If you find yourself on the West Coast in a reflective mood, you’ll also find you’re in good company.
Dotted in the ancient shingle fans laid down by the advance and more recent retreat of the glaciers, you’ll find a number of jewel-like lakes holding a mirror to the sky and the Southern Alps above.
Most of the waterways in this part of the world reflect some pretty spectacular scenery when the conditions are right. After all, there’s a bunch of Alps looming over the lot of them, from the largest – Lake Brunner, close to the western approach to Arthur’s Pass – to the smallest, which for the sake of argument we’ll call Lake Lyttle. Lakes Ianthe, Māhinapua and Māpourika all give a good account of themselves and the adjacent scenery, but the most spectacular and reliable of the lot is little Lake Matheson, reached by taking a short detour from State Highway 6 out towards Gillespies Beach.
Matheson occupies a hollow in what was once the moraine of the Fox Glacier, dating from the chilly days when the icefall was rampant, about 14,000 years ago.
Like the other lakes on the West Coast, the waters are dark and tea-coloured, which is no coincidence, considering it’s the tannin leached from the leaf litter on the floor of the age-old rainforests of Westland that give them this colour.
There’s a walking track around the lake, and once you reach the western end, there’s a platform from which to admire the main attraction.
That would be Aoraki Mount Cook, upside down in the depths. The wall of rainforest around Matheson protects it from anything other than serious breezes, so the surface is usually mirror-calm. It’s possible to take a picture of Cook and its image and be quite unable to see which way up you should be holding the frame.

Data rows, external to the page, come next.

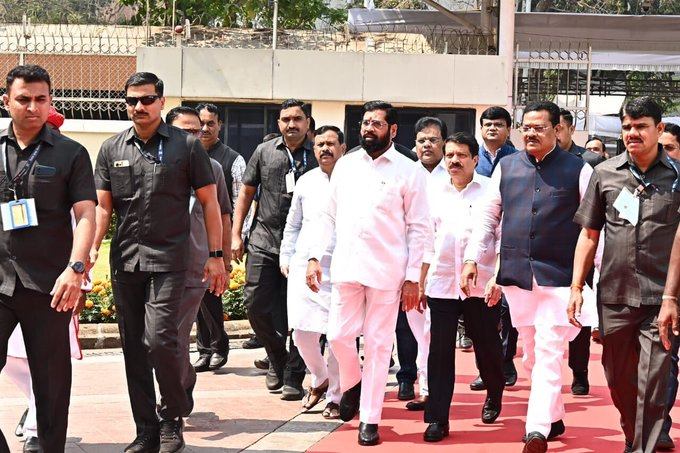 2 party MLAs like Athawale came there, laughter in the hall after Eknath Shinde says and Fadnavis said... | 'आठवलेंसारख्या पक्षाचे २ आमदार आले तिकडे', सभागृहात हशा अन् फडणवीस म्हणाले... 2 party MLAs like Athawale came there, laughter in the hall after Eknath Shinde says and Fadnavis said... | 'आठवलेंसारख्या पक्षाचे २ आमदार आले तिकडे', सभागृहात हशा अन् फडणवीस म्हणाले...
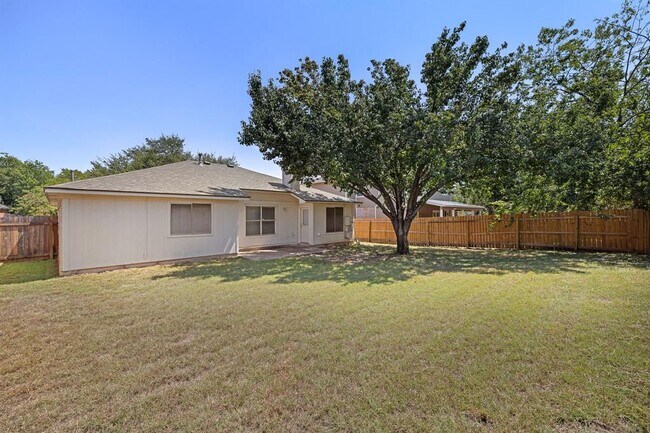Building Photo - 3402 Settlement Dr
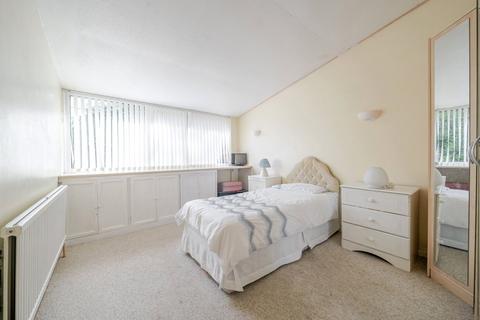 3 bedroom bungalow to rent, Waynflete Road, Oxford OX3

Lake Matheson is in the Westland Tai Poutini National Park. The bush here is mature rimu and kahikatea, both of which like their roots wet. Their drooping foliage is the perfect frame for the view. Apart from birdsong, the only sound to break the hush is the slap-slap sound of sand flies passing over to the Other Side. Well-equipped visitors won’t even be troubled by this.
Several of the West Coast lakes have more than just a pretty face. You can paddle and fish on Lakes Brunner and Māhinapua if you ever get tired of just staring at the view. And quite frankly, I wouldn’t hold my breath on that score.